As coordinator for multicultural student recruitment the last two years, Hunter has had a dramatic impact upon the diversity of UNL's student body. The university experienced double-digit percentage increases in the number of new students of color enrolling each of the past three years and this year, for the first time ever, 10 percent of the entering freshman class were American students of color. Hunter's recruiting success is also reflected in the academic credentials of the students she has helped attract to UNL. In 2002, UNL had 47 African American, Hispanic and native American applicants with ACT scores of 25 and above. This year, more than 400 in that category applied.

Hunter has also played a key leadership role in the Melvin Jones Scholars Learning Community, a unique residential learning community that has supported 67 students in its first two years. She is a 2001 graduate of the University of Kansas.
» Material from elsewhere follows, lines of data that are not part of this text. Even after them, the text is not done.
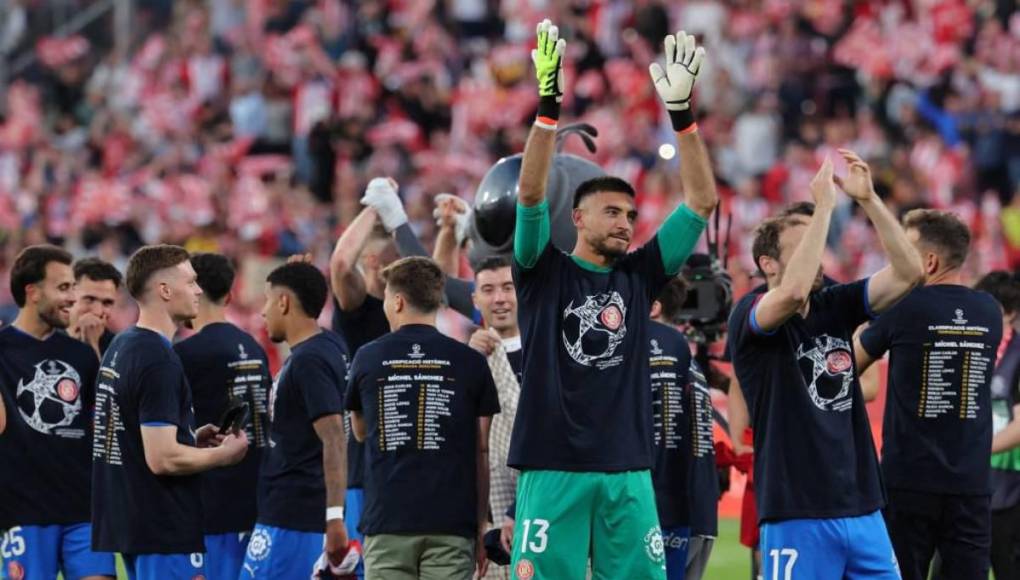 Así festejó el Real Madrid, el enojo de Xavi y el mensaje del Barcelona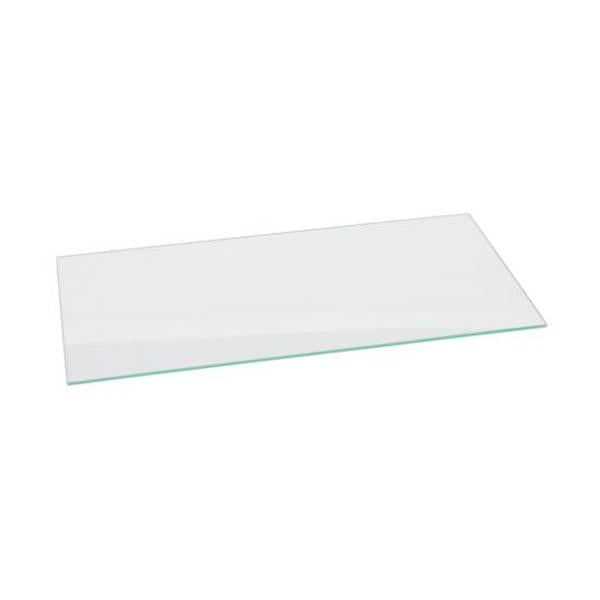 LIEBHERR 727168000 REFRIGERATOR TOUGHENED SAFETY-GLASS PLATE (GENUINE OEM PART) - Parts Solution Group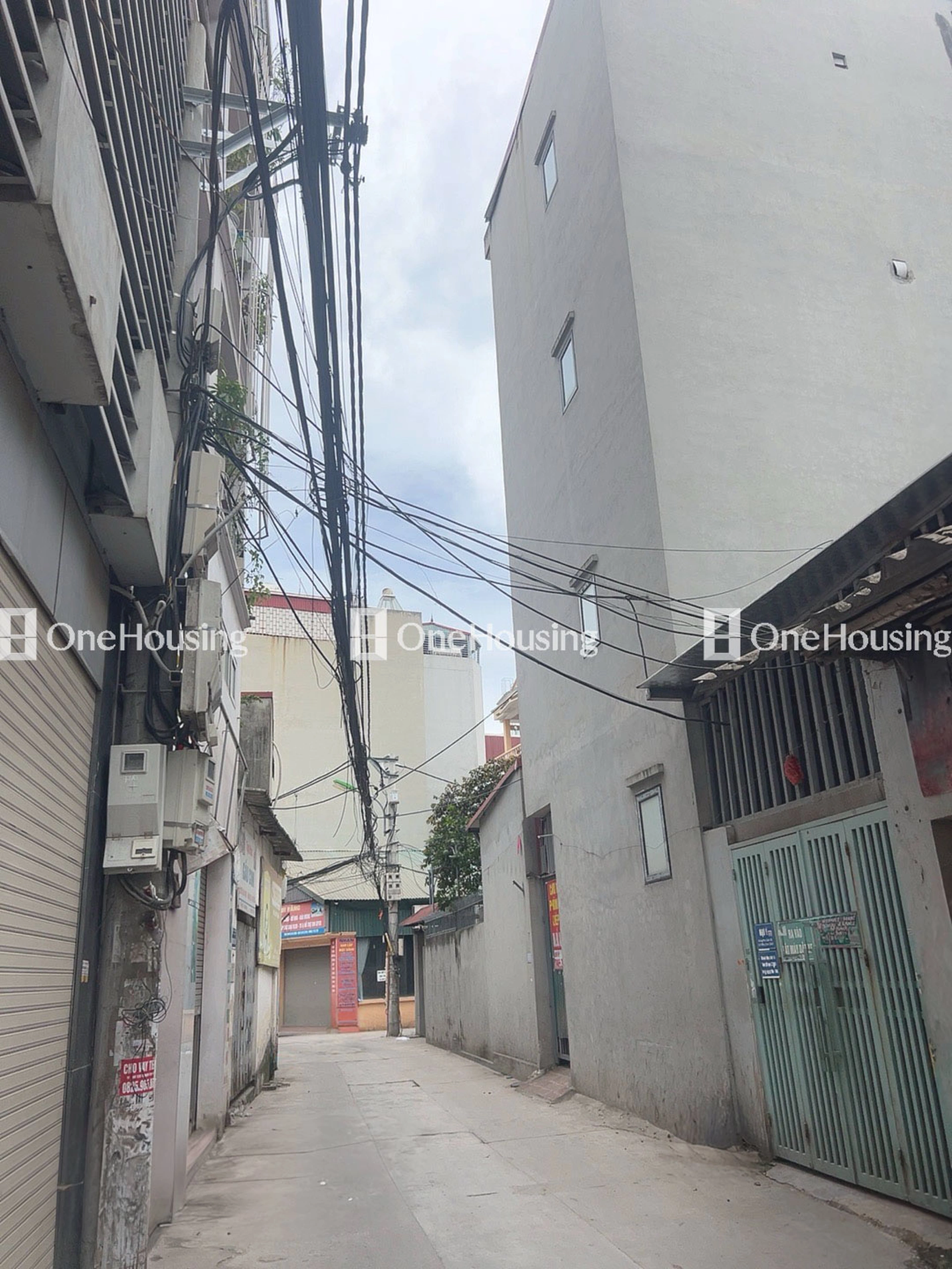 Nhà mặt ngõ cách Cầu Diễn 5.47m, P. Minh Khai, Q. Bắc Từ Liêm, TP. Hà Nội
Williams oversees an enforcement agency charged with eliminating and preventing illegal discrimination and promoting opportunity. In that capacity, he has been credited with not only helping people who have faced discrimination, but has worked to help prevent discriminatory practices by hosting an annual conference that gives professionals an opportunity to learn more about how to prevent and confront different types of discrimination, educate themselves and others in areas of discrimination, and communicate with others regarding current situations and relevant issues. He is described by colleagues as a dedicated professional who had been instrumental in making Lincoln a better place to live.

Williams, who has been in his present position since 1999, graduated from Omaha Central High School, earned his bachelor's degree at the University of Wisconsin and received a law degree from UNL in 1979.